Work request: Below are some records; output exactly the lines from the line with "Howdy guys, it's" to the line with "Okay, you want", both ends kept, and nothing more.
** Data records follows **
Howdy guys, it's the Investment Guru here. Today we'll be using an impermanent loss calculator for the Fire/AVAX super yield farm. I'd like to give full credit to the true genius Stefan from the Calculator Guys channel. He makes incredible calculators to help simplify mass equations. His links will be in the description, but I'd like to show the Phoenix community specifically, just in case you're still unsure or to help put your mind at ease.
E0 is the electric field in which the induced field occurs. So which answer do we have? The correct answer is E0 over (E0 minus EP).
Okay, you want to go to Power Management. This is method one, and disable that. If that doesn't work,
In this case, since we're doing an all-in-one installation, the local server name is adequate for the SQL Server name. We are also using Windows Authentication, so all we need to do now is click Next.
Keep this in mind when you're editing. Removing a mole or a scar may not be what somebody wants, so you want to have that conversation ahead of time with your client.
** End of Data records **
** Data records follows **
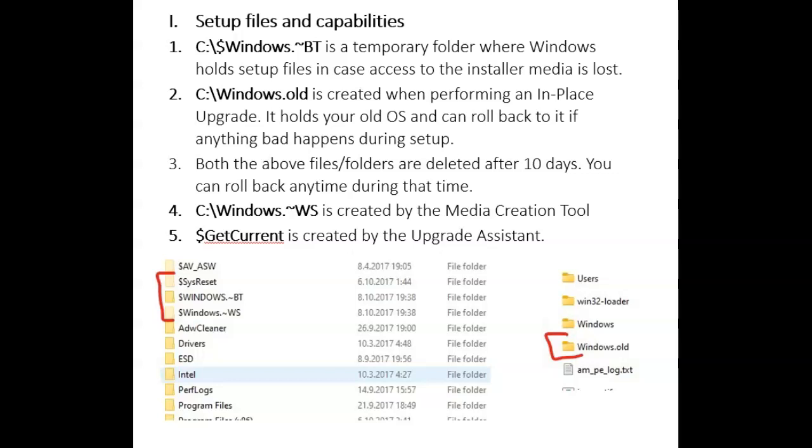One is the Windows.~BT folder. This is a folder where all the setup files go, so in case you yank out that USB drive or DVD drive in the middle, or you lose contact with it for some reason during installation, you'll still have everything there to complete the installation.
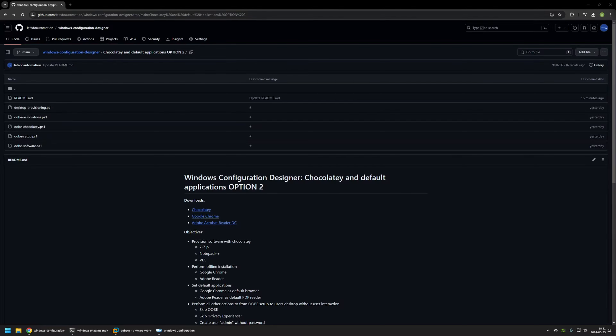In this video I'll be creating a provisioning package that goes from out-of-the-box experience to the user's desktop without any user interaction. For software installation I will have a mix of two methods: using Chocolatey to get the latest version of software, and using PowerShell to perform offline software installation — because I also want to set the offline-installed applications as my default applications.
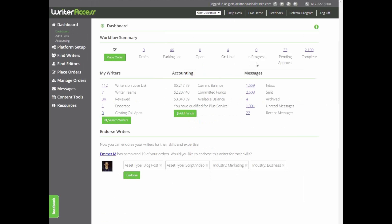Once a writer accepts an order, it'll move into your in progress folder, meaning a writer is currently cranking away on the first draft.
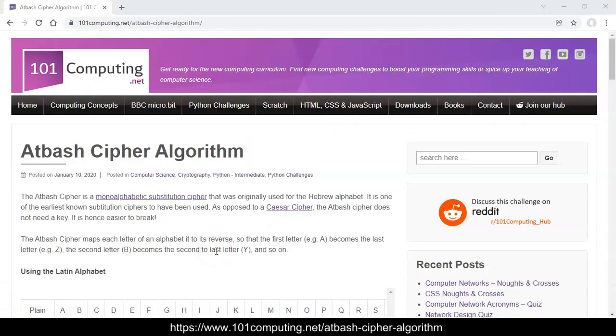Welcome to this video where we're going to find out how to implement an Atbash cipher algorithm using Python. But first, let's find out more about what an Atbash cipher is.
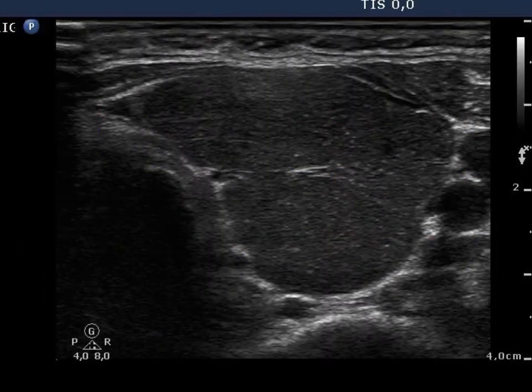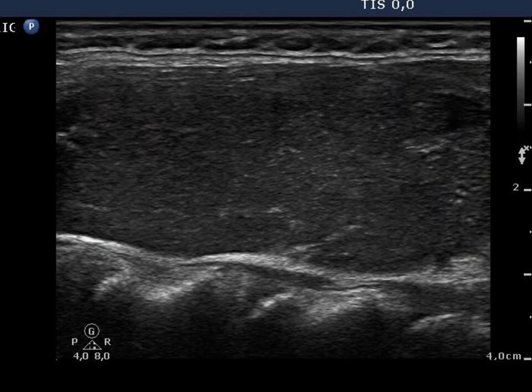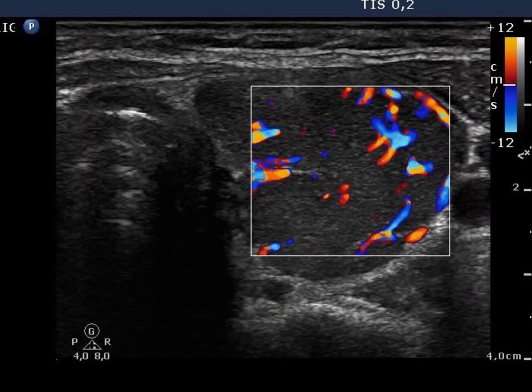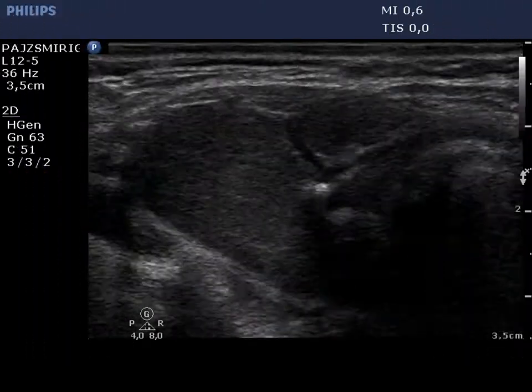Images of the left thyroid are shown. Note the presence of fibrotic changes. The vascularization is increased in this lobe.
** End of Data records **
** Data records follows **
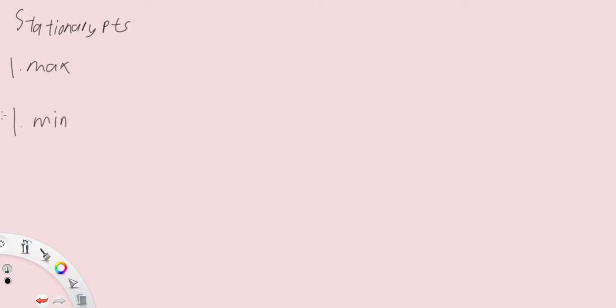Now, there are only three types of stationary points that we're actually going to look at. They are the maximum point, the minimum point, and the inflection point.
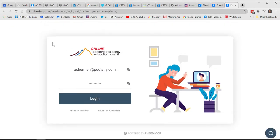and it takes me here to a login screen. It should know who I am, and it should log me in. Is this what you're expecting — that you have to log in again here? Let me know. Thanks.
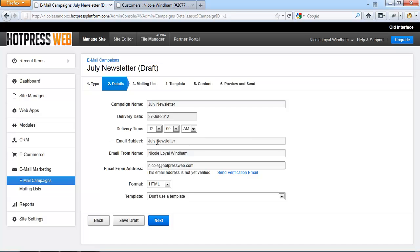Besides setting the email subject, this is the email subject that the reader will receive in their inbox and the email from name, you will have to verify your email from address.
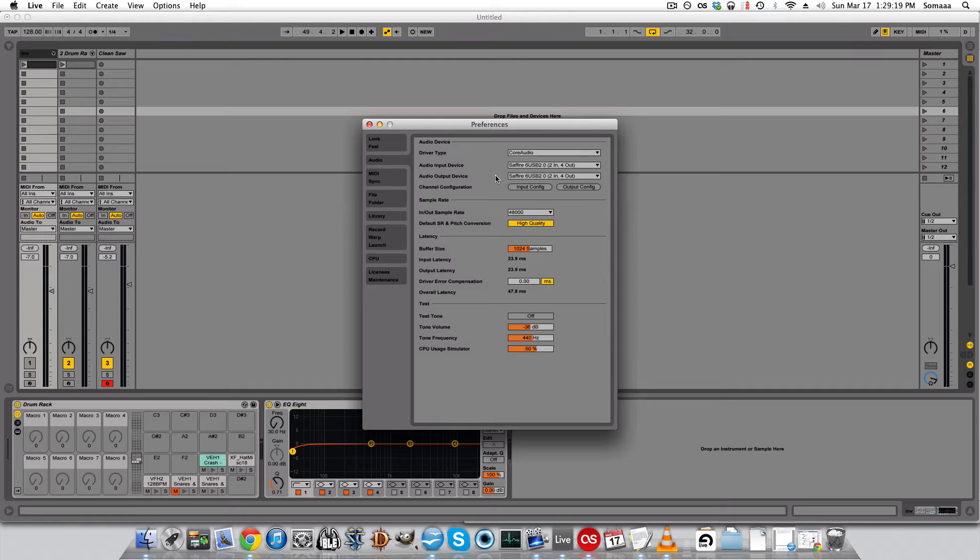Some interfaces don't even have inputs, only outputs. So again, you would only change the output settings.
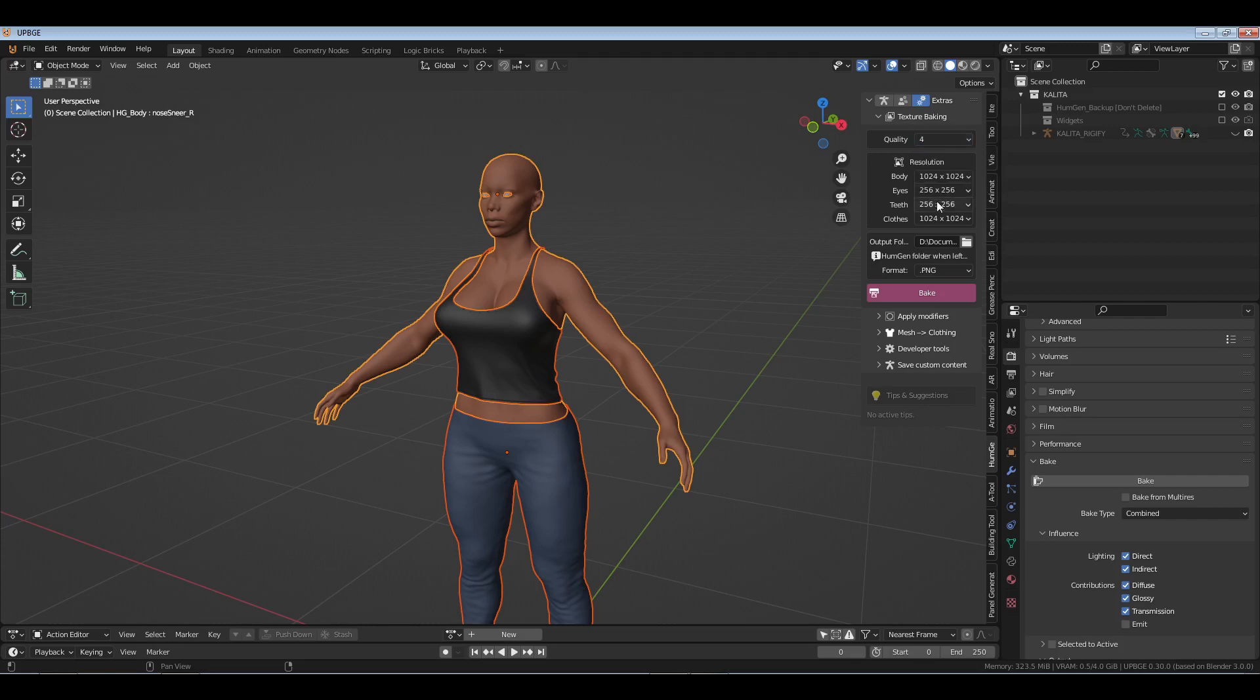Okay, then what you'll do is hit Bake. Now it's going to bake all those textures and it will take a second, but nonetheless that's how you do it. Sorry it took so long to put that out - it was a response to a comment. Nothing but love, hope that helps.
** End of Data records **
Expected output:
Howdy guys, it's the Investment Guru here. Today we'll be using an impermanent loss calculator for the Fire/AVAX super yield farm. I'd like to give full credit to the true genius Stefan from the Calculator Guys channel. He makes incredible calculators to help simplify mass equations. His links will be in the description, but I'd like to show the Phoenix community specifically, just in case you're still unsure or to help put your mind at ease.
E0 is the electric field in which the induced field occurs. So which answer do we have? The correct answer is E0 over (E0 minus EP).
Okay, you want to go to Power Management. This is method one, and disable that. If that doesn't work,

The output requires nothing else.